SCiBreak Joins PROMOTioN Offshore Grid Project

Swedish company SCiBreak has joined the PROMOTioN consortium, which aims to develop and demonstrate diode rectifier offshore converters, HVDC grid protection system, and HVDC circuit breaker prototypes. PROMOTioN will also deliver a regulatory and financial framework, including an offshore grid deployment plan for the future offshore grid system in Europe.

SCiBreak, a Swedish company founded in 2014 to commercialise new technology for interrupting electric current, will contribute to the objectives of PROMOTioN with its HVDC breaker technology.

The company intends to take part in the efforts towards standardisation in the field of HVDC breakers within the project, together with the other project partners. SCiBreak will also support the work towards creating mathematical models of HVDC breakers on different levels of abstraction, so that their interaction with the overall system can be studied by simulation.

Furthermore, the company will participate in the development of practices and standards for testing of HVDC breakers. In particular, a prototype of their breaker technology will be made available for testing at DNV GL’s facilities. The results from the testing will further add to the modelling and simulation efforts in the project. Finally, SCiBreak will contribute to a techno-economic analysis of HVDC equipment that will serve as one input to the deployment plan for a European offshore HVDC grid that PROMOTioN will provide.

The PROgress on Meshed HVDC Offshore Transmission Networks (PROMOTioN) presently the biggest energy project in the EU’s Horizon 2020 Research Program.
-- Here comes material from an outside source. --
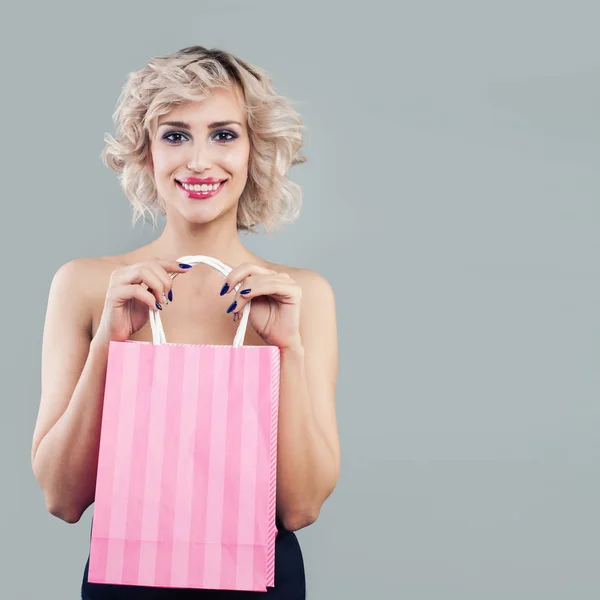 Mujer rubia feliz sosteniendo bolsas de compras rosas y sonriendo — Foto de Stock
The project consortium, coordinated by DNV GL, includes 35 partners from 11 countries – all major HVDC manufacturers, TSOs linked to the North Sea, several wind turbine suppliers, offshore wind developers, leading academics, industry organisations and consulting companies.

The project’s specific objective is to pursue an agreement between network operators and major equipment suppliers regarding a technical architecture and a set of multi-vendor interoperable technologies in order to accelerate HVDC grid development.